Why didn't the x86-32 architecture get more general purpose registers before x86-64?


The x86-32 architecture does have 8 x 32bit general purpose registers. These are EAX, EBX, ECX, EDX, ESI, EDI, ESP and EBP.

But why did it take until the x86-64 architecture for this number to double?

If you look at the 32-bit CPUs from the i386 to the Pentium 4 and the software world, then in the 32-bit era it happened that software no longer supported the older 32-bit CPUs because some feature was used that only the newer CPUs did had. The question therefore arises as to why the number of general purpose registers was not simply increased earlier?

Could it be because Intel wanted to push the Itanium architecture and was therefore not interested in more GPR for the x86 architecture? And if so, why didn't AMD try it on its own before introducing AMD64 in 2003?


Solution

  • It took a major ISA extension to add more bits for register numbers in instructions (via REX prefixes), and decoding was already a big problem for CPUs in that era. (Throughput bottleneck and bit power consumer.) Uop caches in Sandybridge and Zen families helped a lot with that, but that wasn't until 2010. (P4's trace cache would also help when it worked, but it was small and being a trace cache led to redundancy in its usage.)

    32-bit mode was completely out of opcode coding space for new prefixes; VEX and EVEX only work in 32-bit mode as invalid encodings of existing instructions, and that level of overloading is presumably harder for decoders.

    (But now that CPUs do support VEx and EVEX prefixes for AVX and AVX-512 respectively, they can use it for scalar stuff like BMI1/2. And in 64-bit mode, for the upcoming APX extension that doubles the number of GPRs to 32 with REX2 and EVEX prefixes, and gives 3-operand versions of existing integer instructions like xor.)

    It wouldn't be attractive enough for most OSes to want to support a new mode of execution, and more importantly a new ABI with another version of libraries just for maybe 15% speedup.

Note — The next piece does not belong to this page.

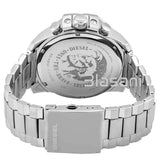 Diesel DZ4308 Mega Chief Men's Silver Stainless Steel Black Dial Chronograph Watch 59X51mm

Only something fundamental like more address-space really justifies that much short-term effort in terms of multi-arch systems.

    REX prefixes in AMD64 repurpose the 1-byte encodings of inc r32 / dec r32. Any mode that did something similar couldn't run existing 32-bit code, i.e. new code compiled for this mode couldn't call existing libraries, unless it called into them with a call far wrapper to switch to a legacy code-segment. (Perhaps some special return address format to allow their plain near ret to return back to the mode where 0x4? bytes are REX prefixes instead inc/dec instructions? Like high-bit set in CPL=3 means it's a special return address?) Generally far call/ret are not fast, but perhaps some special magic for switching between modes could be supported by the CPU including the decoders.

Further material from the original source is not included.